The figure shows how additional biomarker information can be used to improve the combination screening procedure for the 180-day cut-off. We hypothesize that treatment naïve participants with viral loads ≤1000 copies/mL are more likely to be recently infected with HIV. Results show an rFRR estimate of 31.6% (95% CI: 11–63.1) at a 90% sensitivity level. Since we are interested in the reduction of the rFRR by the PwD assay, we subtract this estimate from 100%. Thus, the PwD assay reduces the rFRR by 68.4% (or by at least 36.9% given the upper bound of the 95% CI) while maintaining a BED sensitivity of 90% for the subsample of VL >1000 copies/mL specimens. The figure displays both ROC curves for the viral load covariate and the corresponding rFRR estimates (displayed by the dotted vertical lines).
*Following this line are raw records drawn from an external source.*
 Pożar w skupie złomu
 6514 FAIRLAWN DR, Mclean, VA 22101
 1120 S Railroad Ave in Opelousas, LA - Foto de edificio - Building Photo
Fig 3Shows a reduction in the relative false-recency rate when viral load information is added to the combination LAg plus PwD screening.
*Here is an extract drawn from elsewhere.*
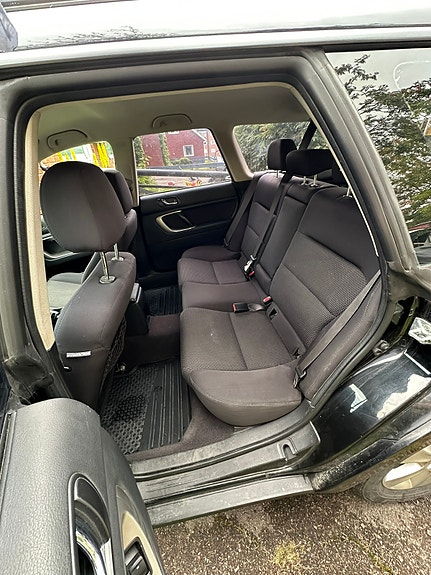 Subaru Legacy Outback 5 of 10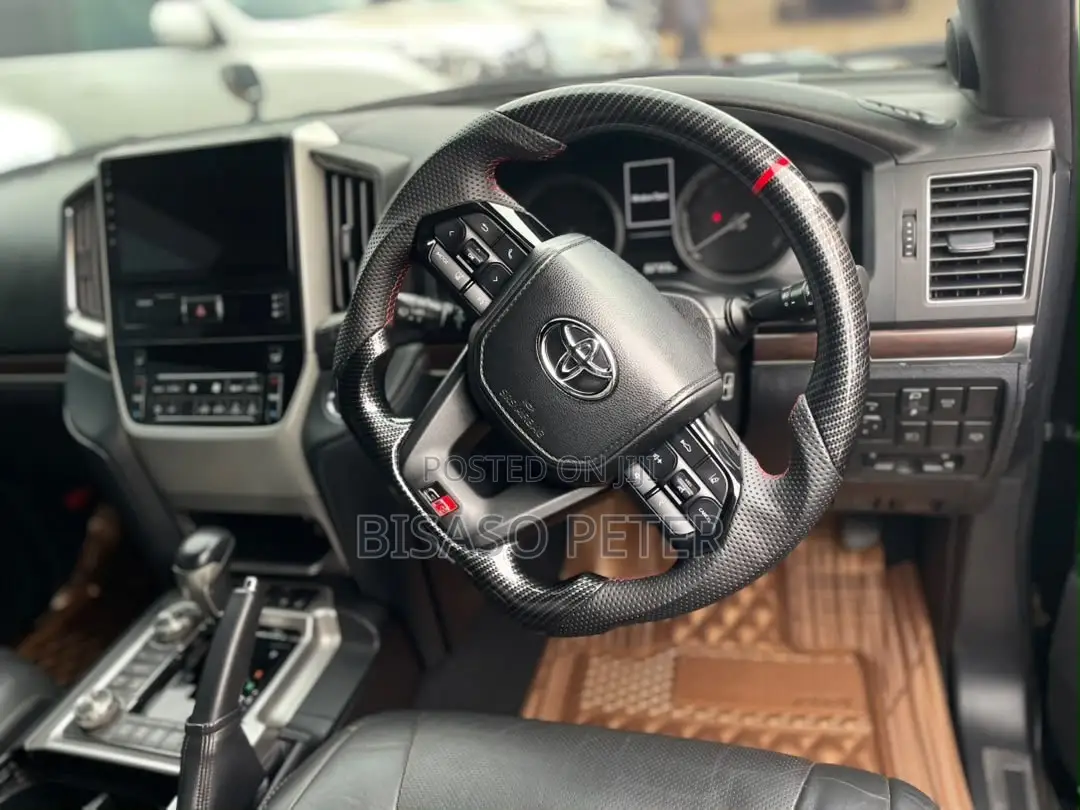 Toyota Land Cruiser 4.6 V8 ZX 2017 Black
The figure shows how additional biomarker information can be used to improve the combination screening procedure for the 130-day cut-off. We hypothesize that treatment naïve participants with viral loads ≤1000 copies/mL are more likely to be recently infected with HIV. Results show an rFRR estimate of 38.1% (95% CI: 15.8–88.6) at a 90% sensitivity level. Since we are interested in the reduction of the rFRR by the PwD assay, we subtract this estimate from 100%. Thus, the PwD assay reduces the rFRR by 61.9% (or by at least 11.4% given an upper bound of the 95% CI) while maintaining a LAg sensitivity of 90% for the subsample of VL <1000 copies/mL specimens. The figure displays both ROC curves for the viral load covariate and the corresponding rFRR estimates (displayed by the dotted vertical lines).